EXTRACTED INFORMATION:
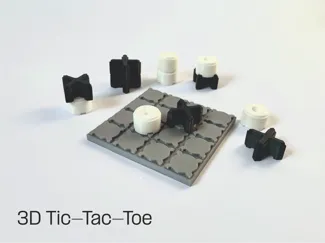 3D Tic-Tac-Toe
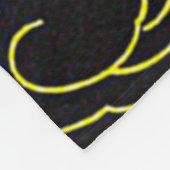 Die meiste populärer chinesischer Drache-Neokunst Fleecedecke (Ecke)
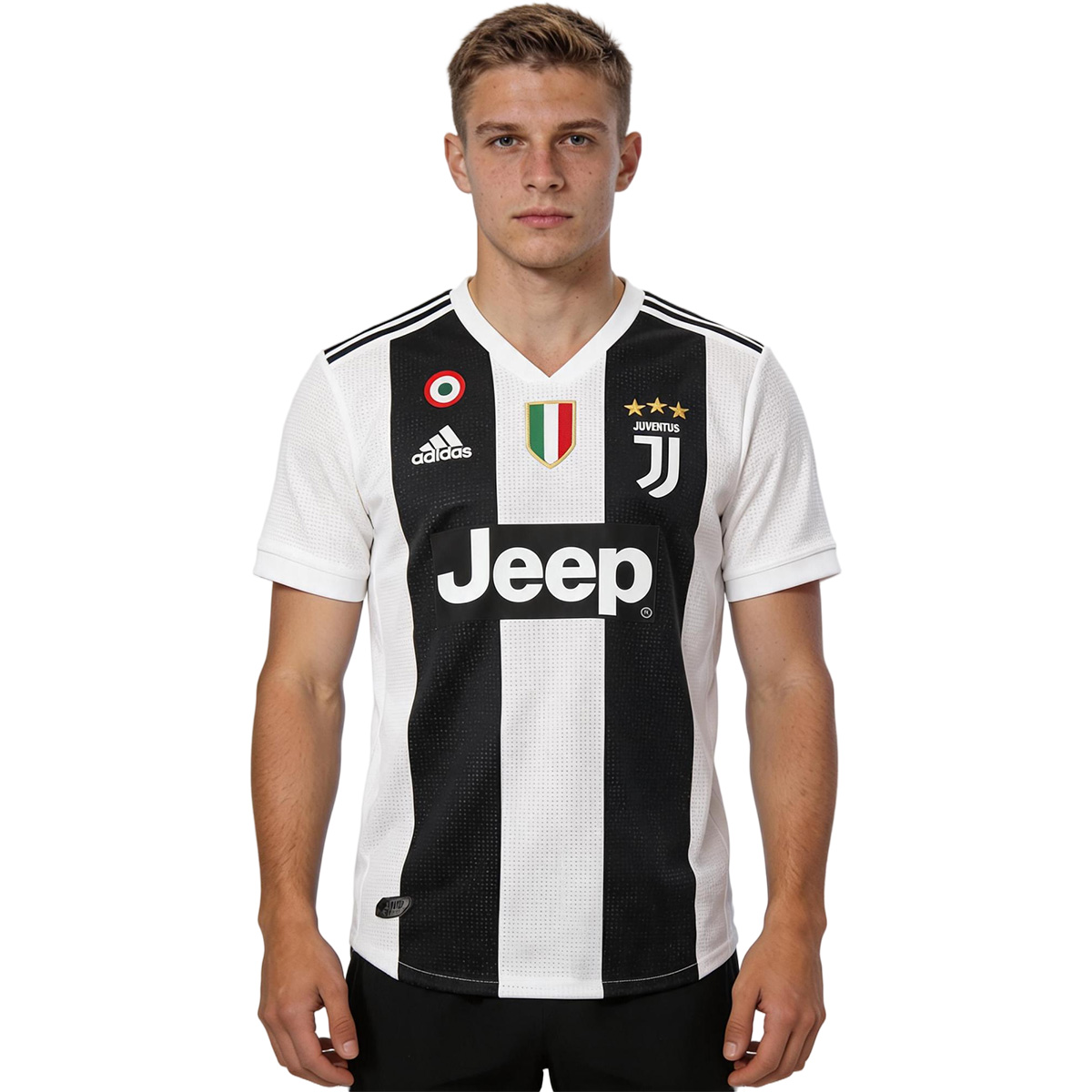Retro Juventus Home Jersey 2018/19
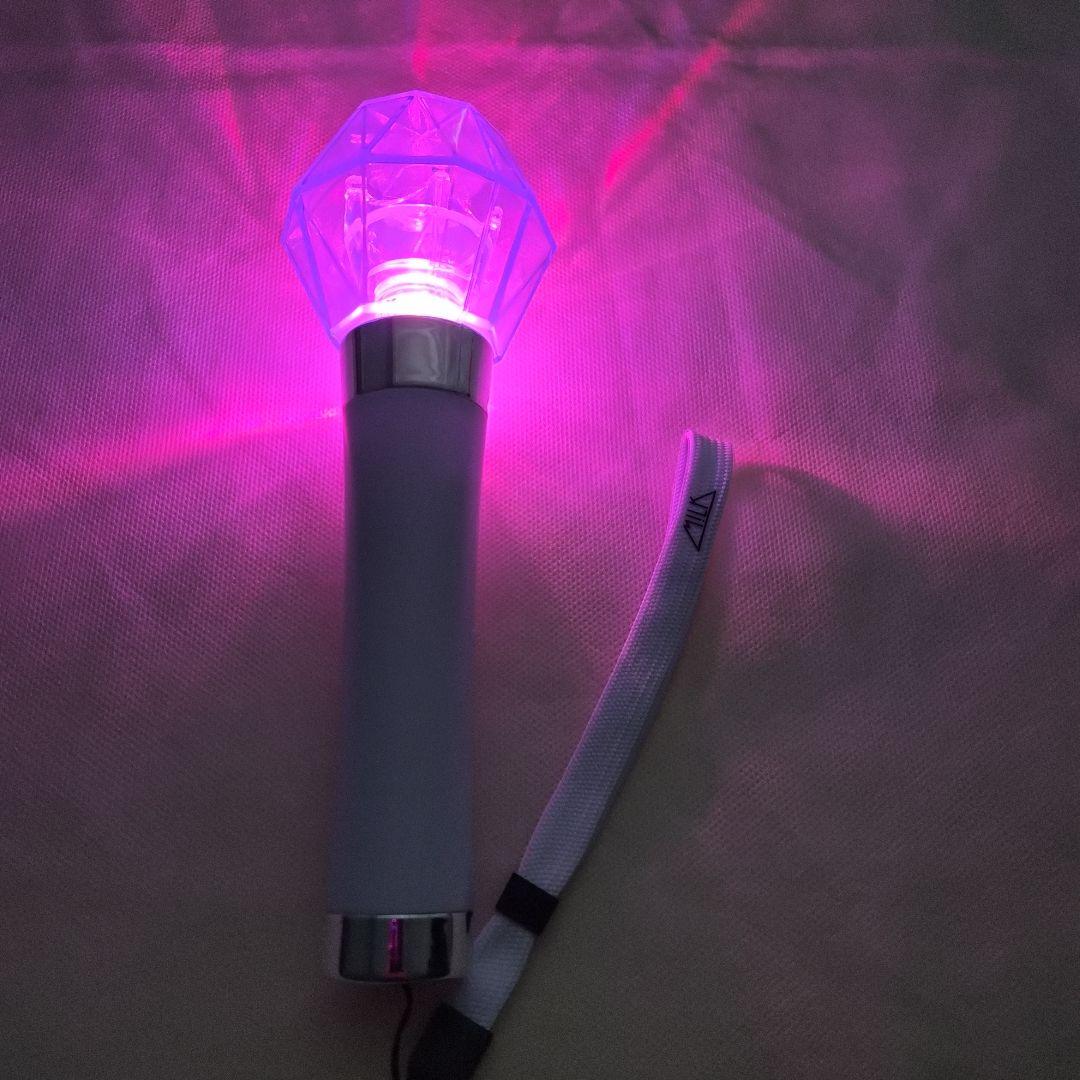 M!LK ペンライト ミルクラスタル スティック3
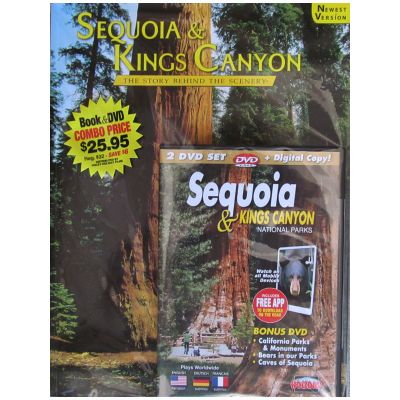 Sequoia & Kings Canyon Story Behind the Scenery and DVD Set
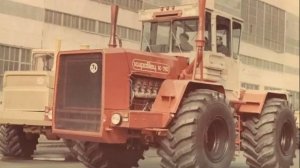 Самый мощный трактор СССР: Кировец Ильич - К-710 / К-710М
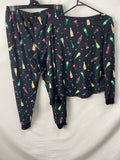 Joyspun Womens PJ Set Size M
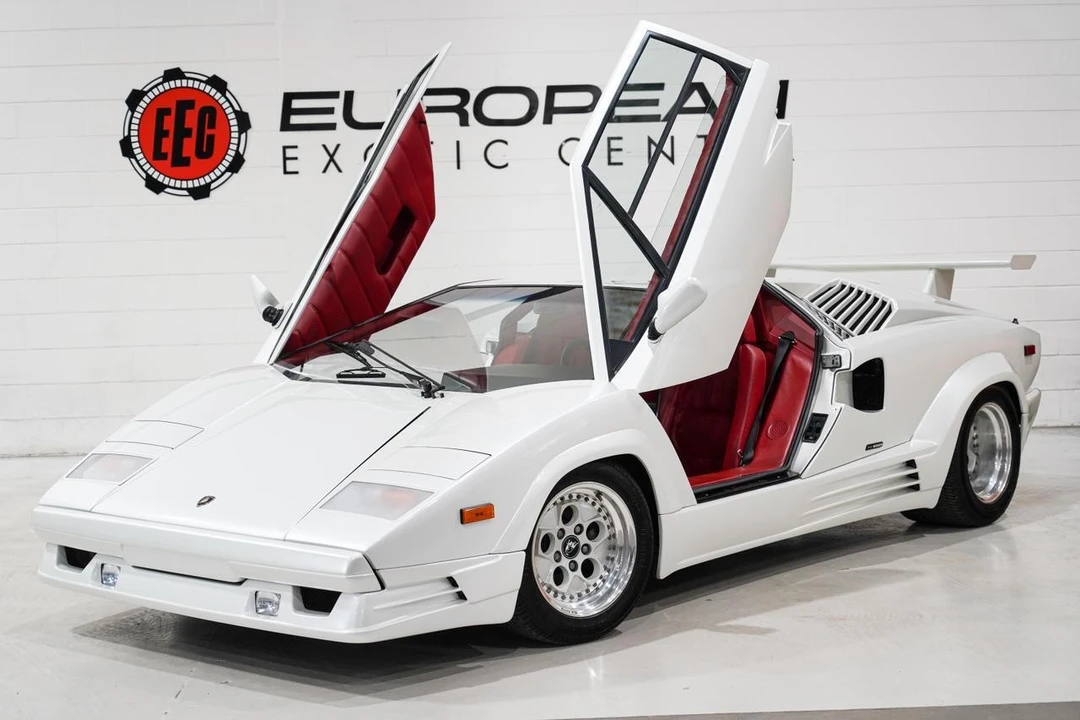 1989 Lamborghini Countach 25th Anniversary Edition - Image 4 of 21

--

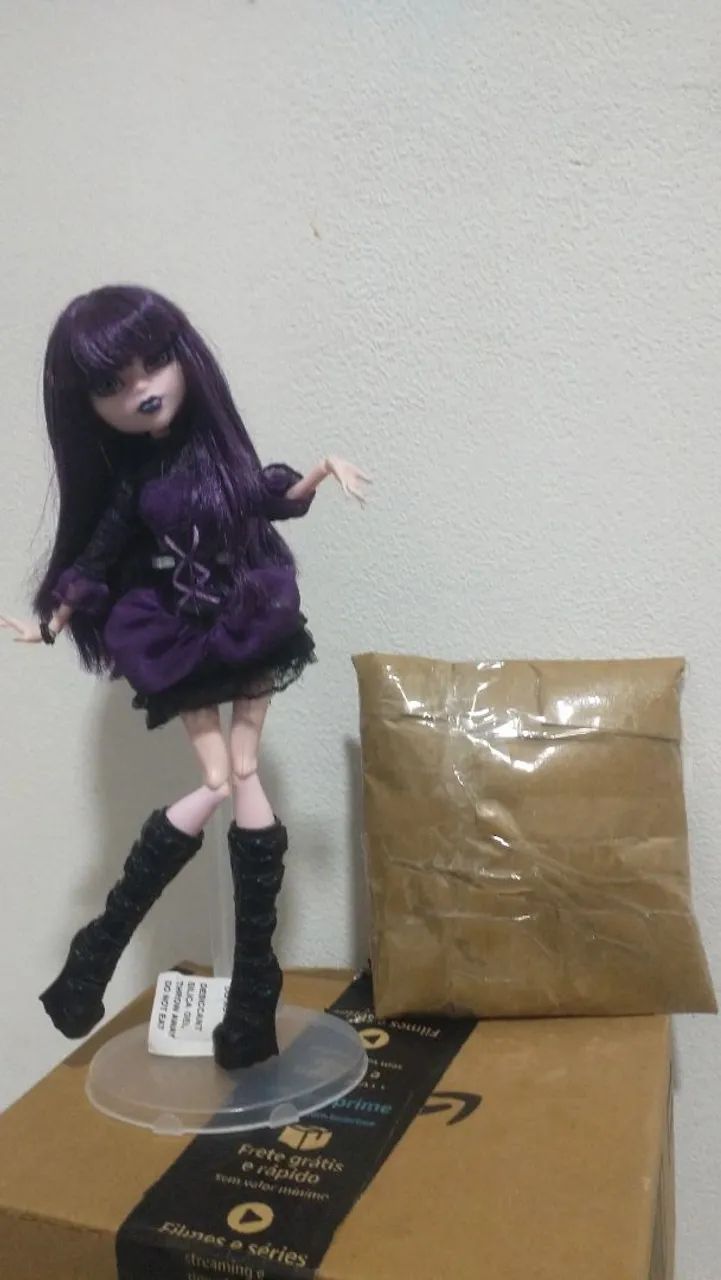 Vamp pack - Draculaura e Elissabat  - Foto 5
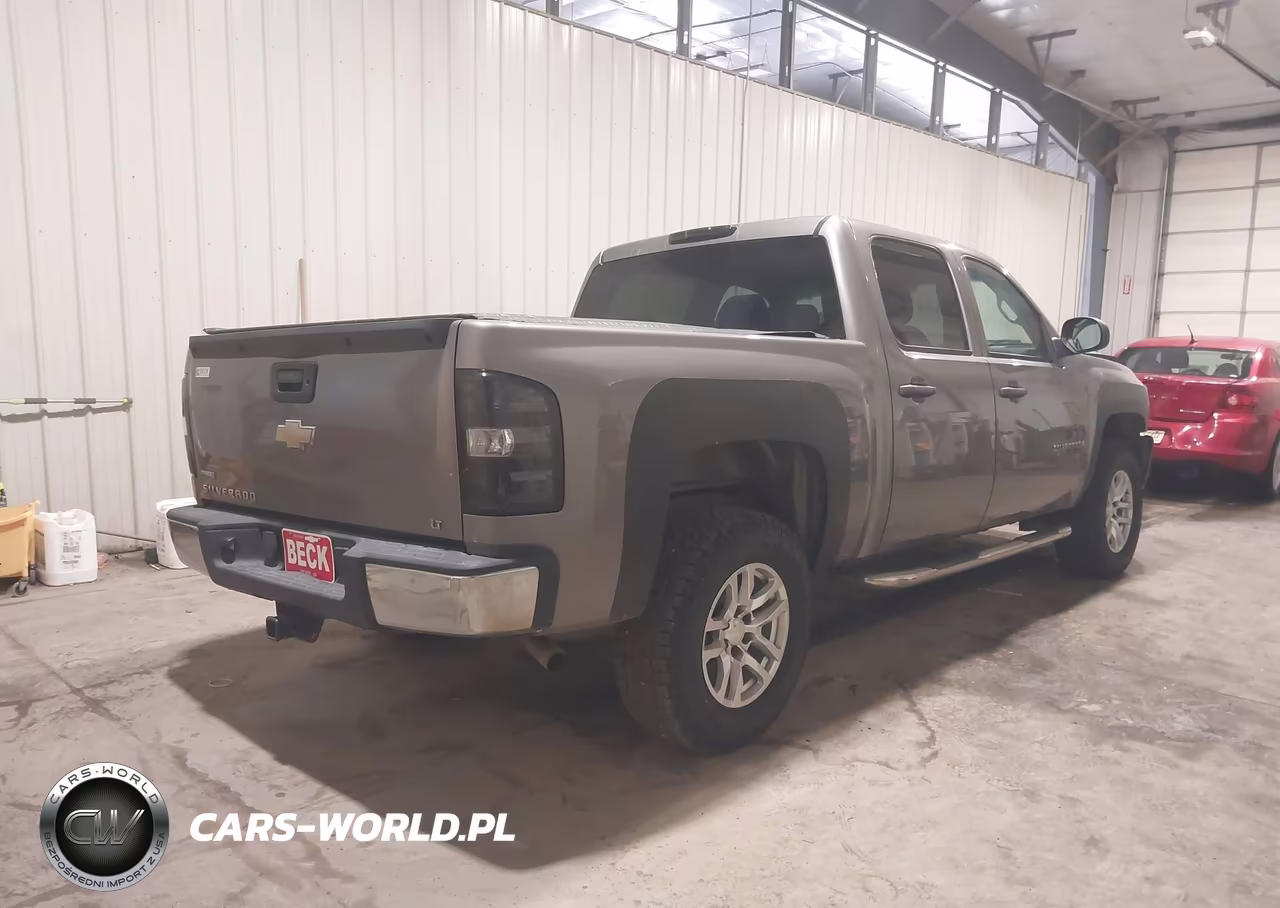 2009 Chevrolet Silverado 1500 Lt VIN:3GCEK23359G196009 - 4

EXERCISE AIM:
In the listing above, find the line with "3D Tic-Tac-Toe" and the line with "1989 Lamborghini Countach". Set down both and every line between them, minus the pictures.

ANSWER:
 3D Tic-Tac-Toe
 Die meiste populärer chinesischer Drache-Neokunst Fleecedecke (Ecke)
Retro Juventus Home Jersey 2018/19
 M!LK ペンライト ミルクラスタル スティック3
 Sequoia & Kings Canyon Story Behind the Scenery and DVD Set
 Самый мощный трактор СССР: Кировец Ильич - К-710 / К-710М
 Joyspun Womens PJ Set Size M
 1989 Lamborghini Countach 25th Anniversary Edition - Image 4 of 21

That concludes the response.